Comentario al Evangelio del

Fernando Torres cmf

 

      Hay que reconocer que Jesús sabía apretar las clavijas allá donde más se necesitaba. Porque nosotros somos muchas veces, demasiadas, maestros en el arte de disimular, en el arte del cumplimiento (cumplo y miento a la vez), en decir que sí pero que hasta cierto punto, en esforzarnos pero no llegar a poner toda la carne en el asador. 

      Eso nos pasa con el asunto del amor. Todos sabemos que el mandamiento principal de los cristianos es amar. Sin más. Amar por encima de todas las cosas. Amar sin medida. Amar a todos. Sin excepción. Pero también sabemos que eso no es fácil, que es más fácil decirlo que hacerlo. Porque el amor es mucho más que ese sentimiento que nos hace sentirnos bien a nosotros mismos. El amor de que habla Jesús es el que hace realmente bien a los demás. Y eso conlleva muchas veces esfuerzo, compromiso, dolor. Exige vencernos a nosotros mismos. Exige darlo todo. Exige dar la vida por la vida de los otros. 

      Y ahí entran nuestros frenos, nuestras excusas. De todo tipo. Porque para poner excusas no tenemos precio. Nos gusta decir que perdonamos a todos pero que “no olvidamos”. Nos gusta decir que hay que ser “hermanos pero no primos.” Y muchas más frases y excusas que nos sirven para evadirnos del esfuerzo que supone amar con el que amor que Jesús nos pide: amar hasta dar la vida por los demás. 

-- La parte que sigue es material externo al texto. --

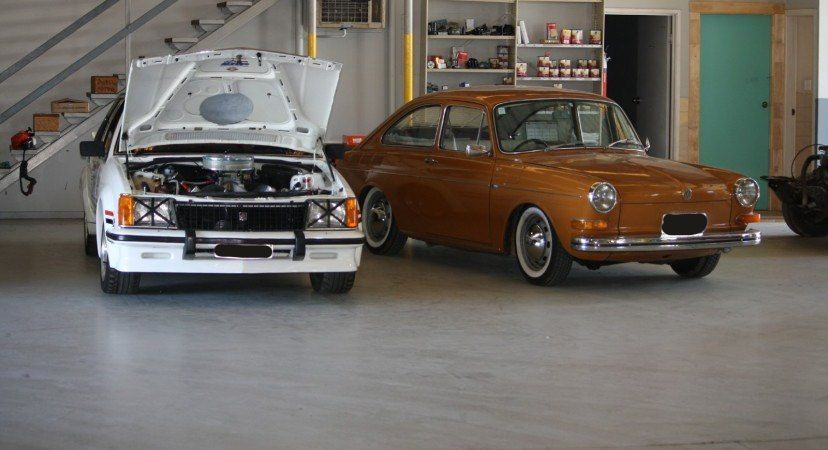 A White Car and a Brown Car Are Parked — All Mechanical Services in South Murwillumbah, NSW
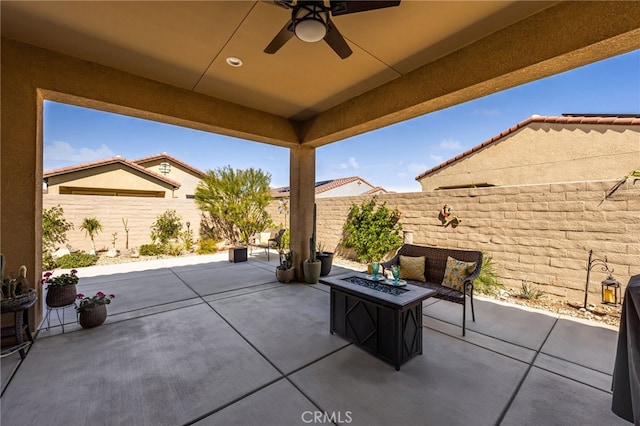 view of patio with ceiling fan, a fire pit, and a fenced backyard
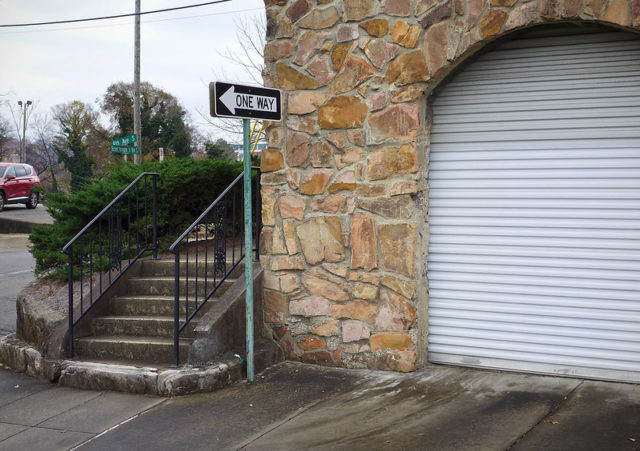 "ONE WAY" sign in front of an exterior stairway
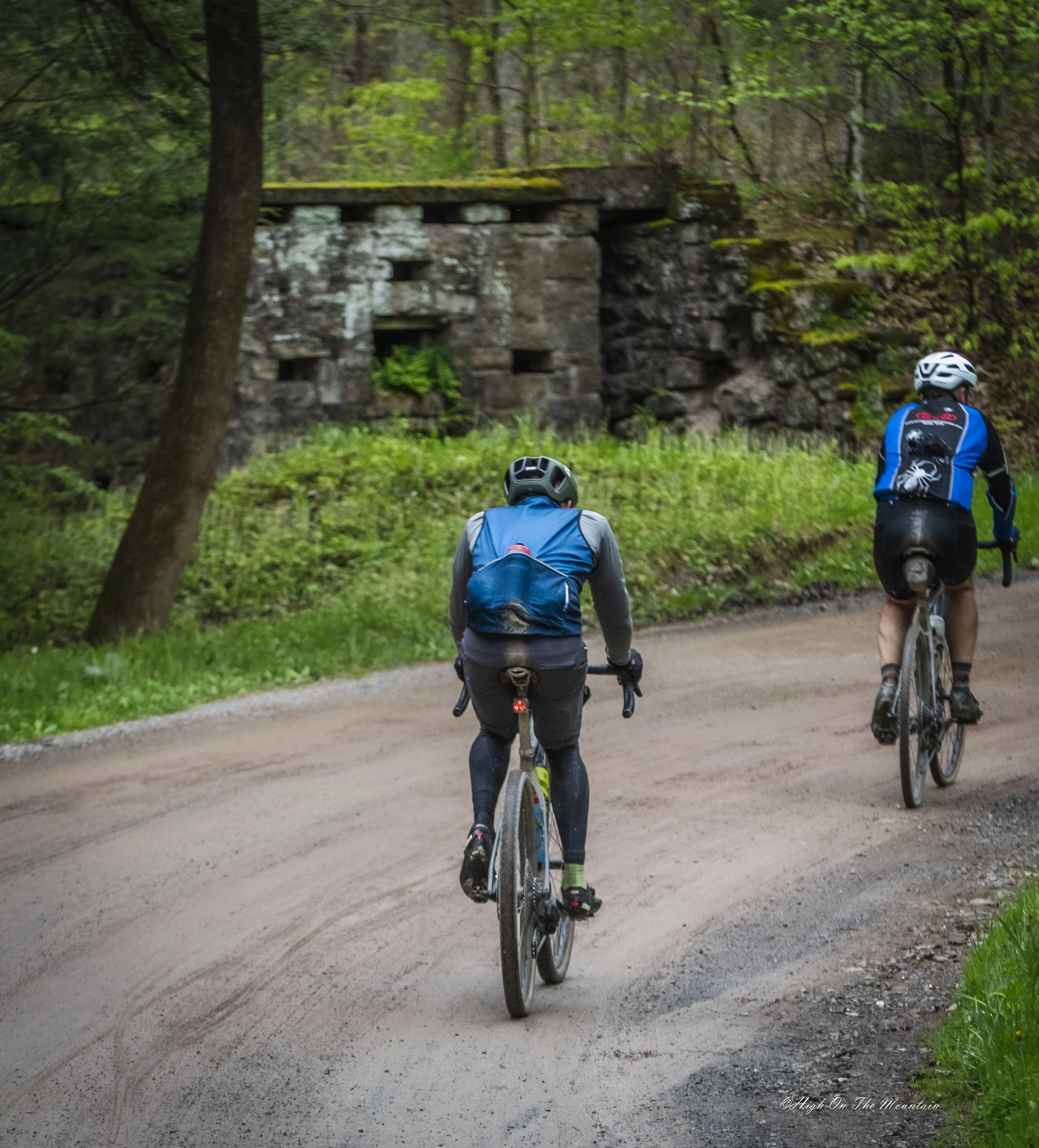 Two cyclists riding on a dirt forest trail surrounded by green trees, with an old stone structure in the background.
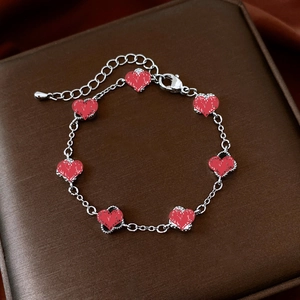 Close-up of silver chain bracelet with seven red heart pendants and lobster clasp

      Por eso, hay que leer muchas veces este Evangelio de hoy. Jesús –me lo imagino con una cierta sonrisa irónica mientras que decía estas palabras– nos dice que ya está bien de engañarnos a nosotros mismos. Nos dice que sabemos de sobra lo que es el amor que nos pide. Y que ya está bien de poner excusas. Porque el reino sólo construye con el cemento que une a las personas hasta formar la gran familia de Dios. Y ese cemento no es otro que el amor. Y el perdón y la misericordia y la tolerancia y la comprensión, que no dejan de ser formas de amar. Sólo así lograremos que los que formamos la humanidad nos demos cuenta de que no hay nada que nos separe y que nos une lo más grande: que todos somos hijos e hijas de Dios. Sin excepción.